(Items from a data source)
•••••

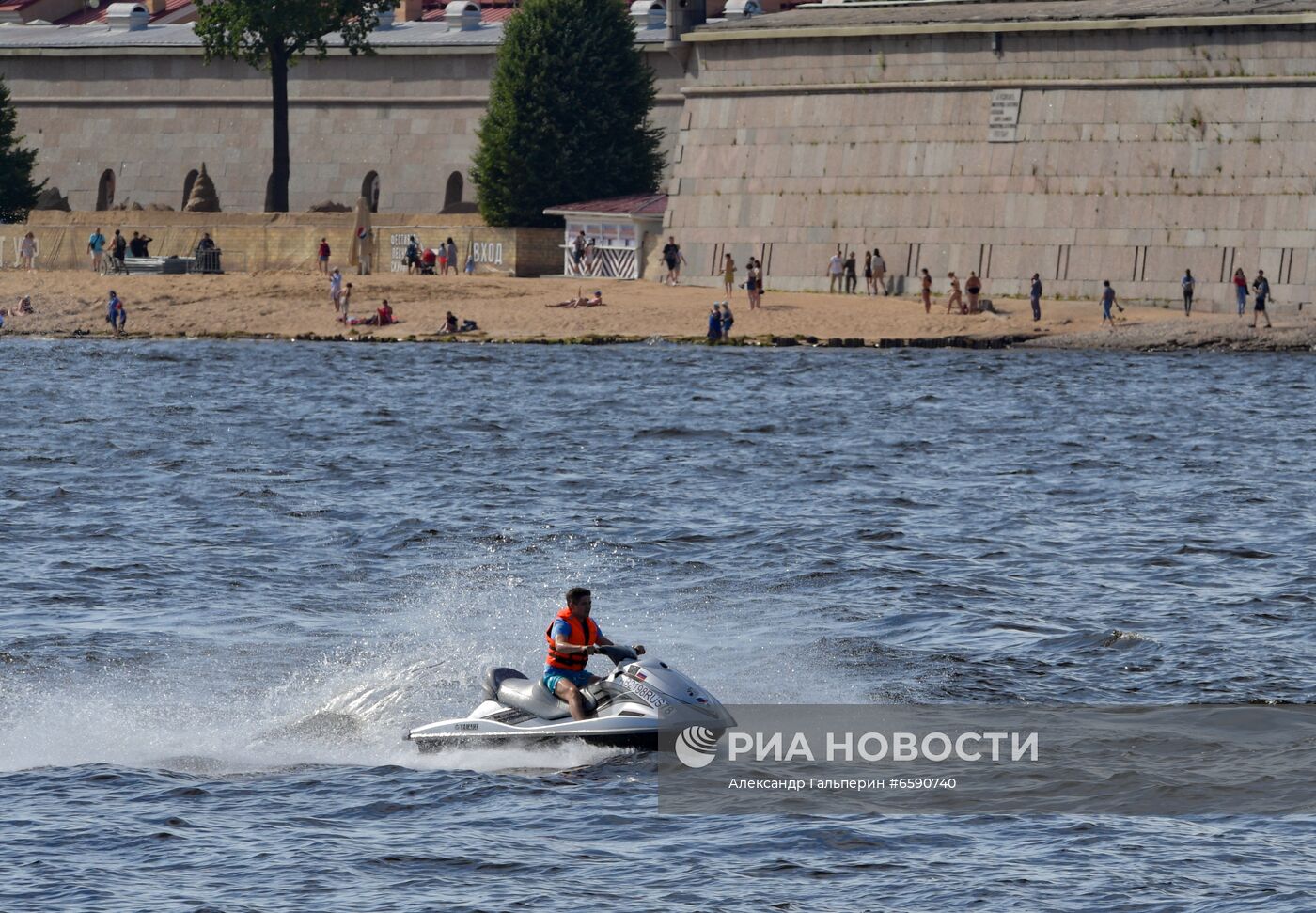 Жаркая погода в Санкт-Петербурге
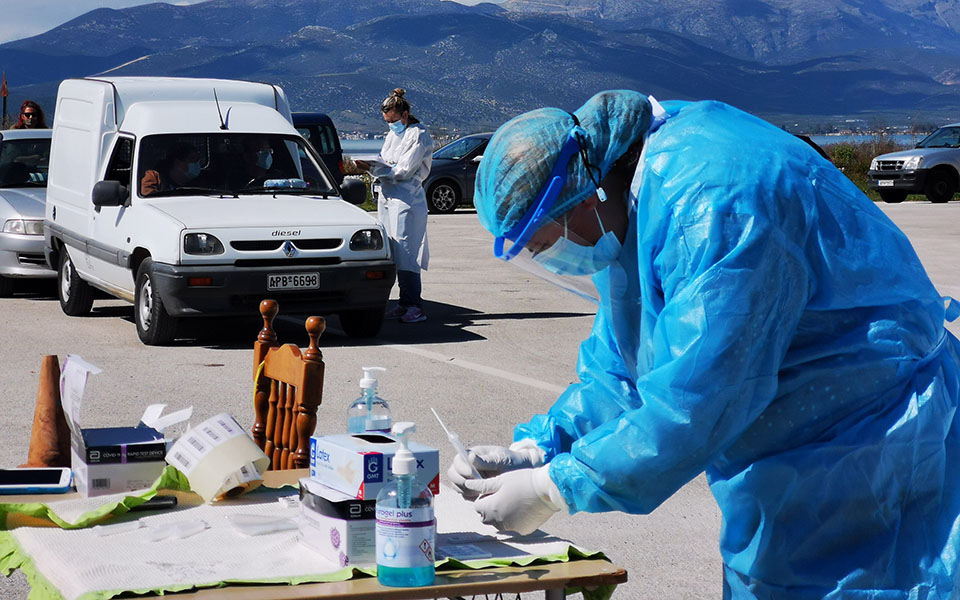 εμβολιασμοί-από-κινητές-ομάδες-σε-πλα-561416959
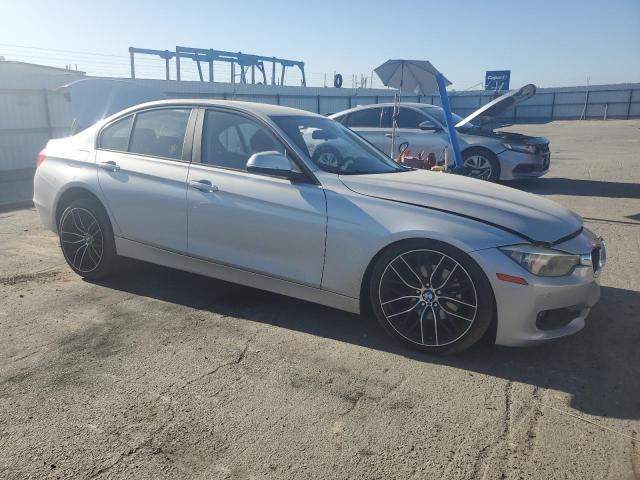WBA3B1C50FK139897 - 2015 BMW 320I I SILVER photo 4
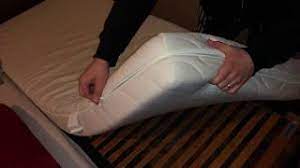 Entweder sie haben kinder oder sie schaffen es bei übelkeit nicht rechtzeitig aus dem bett. Matratze Reinigen Praxisanleitungen Fur Alle Flecken Falle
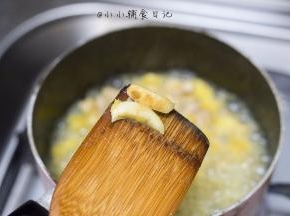 捞出大蒜，不然后面炖烂了孩子不小心吃到可能不喜欢
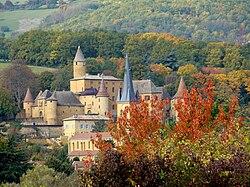 Skyline of Jarnioux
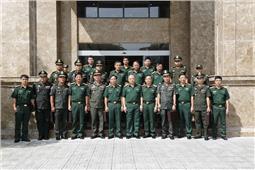 Đoàn cán bộ Quân đội Hoàng gia Campuchia thăm và làm việc tại Quân khu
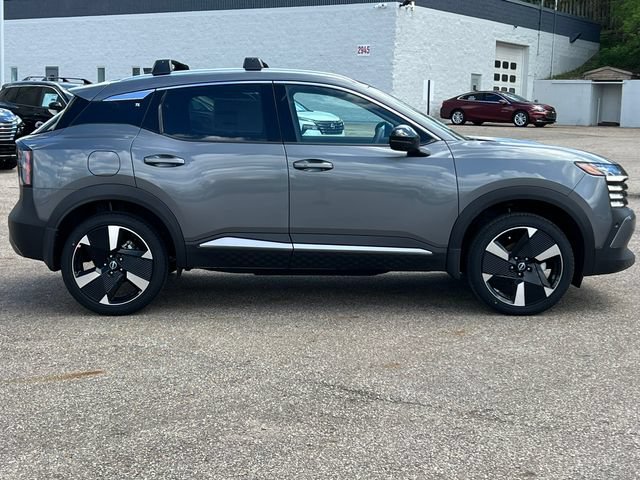 New 2026 Nissan Kicks SR w/ Cold Weather Package AWD/4WD image 44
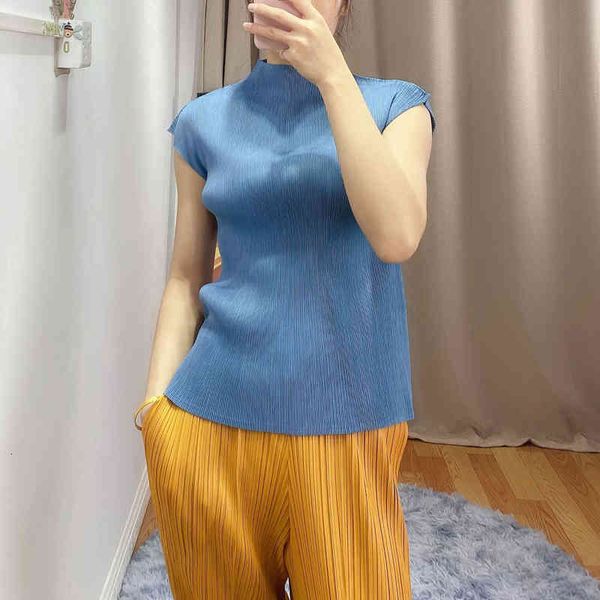 polo summer solid color women's feifei sleeve miyak fold fashionable plus size loose and thin wild stand-up collar t-shirt 98, White
polo summer solid color women's feifei sleeve miyak fold fashionable plus size loose and thin wild stand-up collar t-shirt 98, White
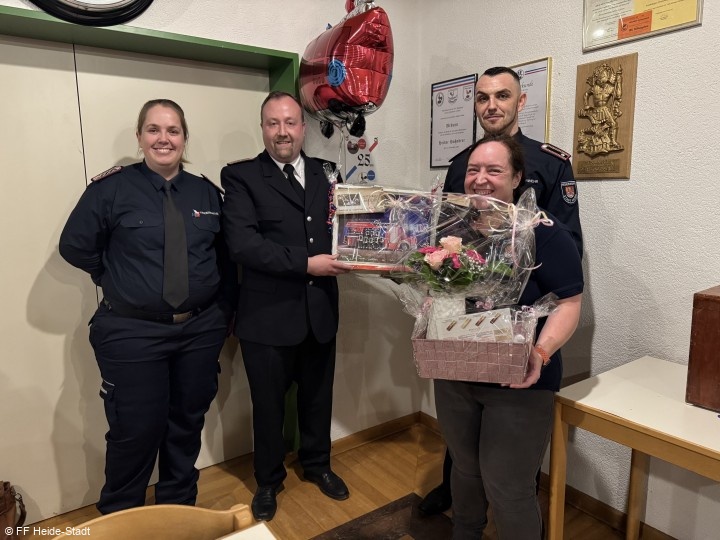 Die erste Gruppe verabschiedete sich von ihrem langjährigen Gruppenführer Johannes Meyer, Fabian Sondergeld (zweiter v.r.) ist neu gewählter Gruppenführer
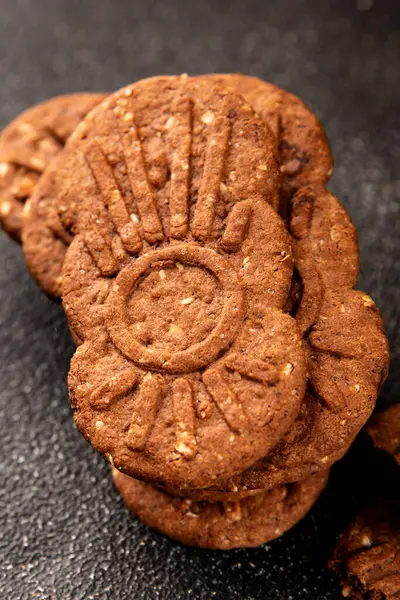 Çikolatalı kurabiye fındıklı tatlı mısır gevreği organik ürün lezzetli gurme yemek arkaplanı masa kırsal yiyeceklerin üst görünümü fotokopi alanı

•••••

— WHAT NEEDS TO BE DONE —
Please repeat every record above exactly, leaving the pictures out.

— ANSWER BOX —
 Жаркая погода в Санкт-Петербурге
 εμβολιασμοί-από-κινητές-ομάδες-σε-πλα-561416959
WBA3B1C50FK139897 - 2015 BMW 320I I SILVER photo 4
 Entweder sie haben kinder oder sie schaffen es bei übelkeit nicht rechtzeitig aus dem bett. Matratze Reinigen Praxisanleitungen Fur Alle Flecken Falle
 捞出大蒜，不然后面炖烂了孩子不小心吃到可能不喜欢
 Skyline of Jarnioux
 Đoàn cán bộ Quân đội Hoàng gia Campuchia thăm và làm việc tại Quân khu
 New 2026 Nissan Kicks SR w/ Cold Weather Package AWD/4WD image 44
 polo summer solid color women's feifei sleeve miyak fold fashionable plus size loose and thin wild stand-up collar t-shirt 98, White
polo summer solid color women's feifei sleeve miyak fold fashionable plus size loose and thin wild stand-up collar t-shirt 98, White
 Die erste Gruppe verabschiedete sich von ihrem langjährigen Gruppenführer Johannes Meyer, Fabian Sondergeld (zweiter v.r.) ist neu gewählter Gruppenführer
 Çikolatalı kurabiye fındıklı tatlı mısır gevreği organik ürün lezzetli gurme yemek arkaplanı masa kırsal yiyeceklerin üst görünümü fotokopi alanı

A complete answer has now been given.